Thoughts That Create Urgency

So let’s dig into this a bit deeper. We know that our thoughts create our feelings and our feelings create our actions and our actions create our results. What are the thoughts that generate feelings of urgency?

 

Maybe it’s something like, “This day is too much to handle. I can’t even deal “ or “Today is a full schedule” or “Oh geez, Sunday is here. That means Monday's tomorrow.”

 

As innocent as they may be, these thoughts are unsettling and uneasy. They tell you that you can’t sit still for another minute, you have to do something, so you build up the feeling of urgency. It has to be taken care of right now. 

Buffering

Typically, we want urges to go away. That’s where buffering, when we use an external something to take away an uncomfortable feeling, comes in. Typically buffering behaviors secrete feel-good hormones in our brain, like dopamine and serotonin. And when you have an urge and it feels really uncomfortable and you just want it to go away, your brain will remember the things you did in the past to feel better, whether that’s food, alcohol, shopping, exercise, whatever it may be. 

 

I have a client who first came to me because she was buffering with overeating and, as a result, gained some weight and was not feeling good about her life. But talking about urges led to a huge breakthrough for her. She realized that when she drove home from work, she would get to a particular stop sign. If she could drive past that stop sign and not have the feeling of wanting to raid her pantry, she knew she’d be fine. But if she got there and had urges or thoughts of “I’m not getting through tonight without overeating,” she was done. That stop sign determined her evening. 

 

So we made a deal. My client was allowed to give in to her urges, but only after she could slow her restlessness down first. That meant she had to recognize that she was restless, pull that feeling into her body and notice where it was, what it felt like, and had to allow that feeling. She knew she was resisting it if she wanted her treats even more and the feeling was so powerful she couldn’t possibly sit with it for one more minute. Guess how many times she proceeded to eat her treats after she processed the feeling? Never. To this day. If she can slow down the feeling, she doesn’t give into it.

 

When my client learned to sit with the discomfort and process her restlessness, the stop sign lost its power. She went from a 20-year history of overeating, giving in to urges, and buffering, to it completely going away. She’d thought that this was just a part of her, that she didn’t have control over her life. But that just wasn’t true. Even though we may be doing certain behaviors for years, my client learned we can make changes almost immediately. 

Allowing the Feeling

For some reason, humans respond to negative or red, bouncy, uncomfortable feelings by wanting to get rid of them. But the power lies in being willing to feel that feeling. Because anything that could happen in your life will only create a feeling. If you can handle any feeling, you can handle anything. 

 

This cognitive thought work - the ability to tap into our automatic thoughts and identify the limiting belief system that is not serving us well and is holding us back - is magic. If you have any bad habit or want to take on a new positive habit, this is the type of work that will make it happen. 

 

When you get to know the feeling, call it out and recognize it, and you are there in the moment with that feeling, you can watch it dissipate. It loses its power right before your eyes. All you have to do is acknowledge it and not push it away. Say “Hey restlessness, how are you?” You get into your body and you just sit with it.

 

What this does is stall the behavior that you’d typically take. It makes you pause. Pausing disrupts the programming that would have led you in the past to go straight to the pantry. That pause alone will allow you to feel the feeling, watch it go away, and not want to pursue the behavior. Over time, when you feel restless or urgent, your brain won't even think about the pantry because you will have retrained your brain. It’s all about the pause.

 

If you don’t like the feeling of restlessness and you push it away, it’ll escalate. The minute you resist it, it amplifies and gets even more powerful. On the other hand, sitting with it will give the power back to you. 

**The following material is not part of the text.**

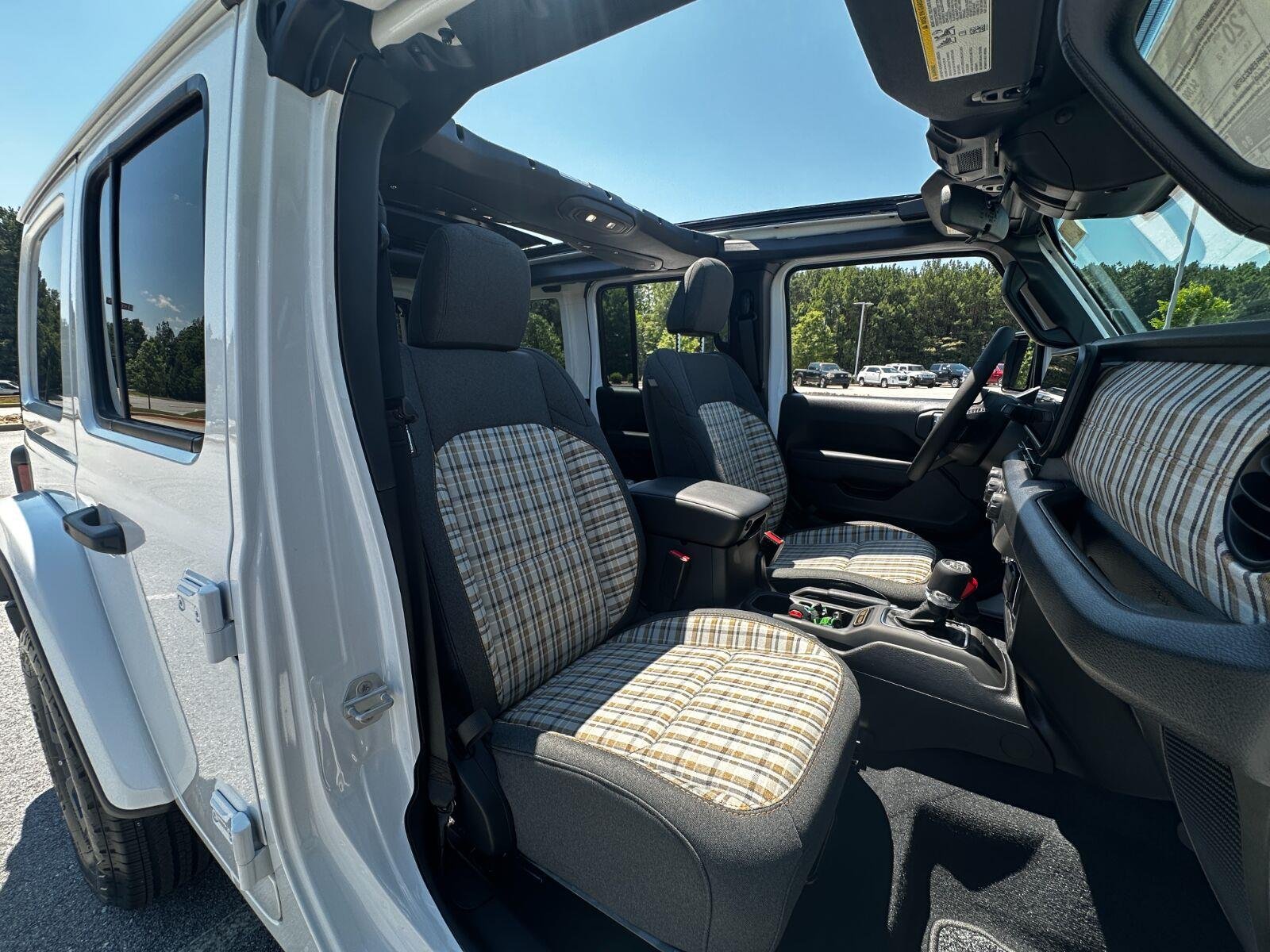New 2026 Bright White Clear-Coat Exterior Paint Jeep 85th Anniversary image 11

Step One in Overcoming Your Urges

Believe it or not, taking the first step to overcoming your urges is that simple. Recognize that you have an urge. Feel how it feels. Understand the associated thoughts and what the urge makes you want to do. Know that you have power over your urges, you’re in control. You can do anything you want to do, even rewire your brain. Maybe you’ve been dealing with this for years and feel so overwhelmed, like it can never change, but it can. You can do this.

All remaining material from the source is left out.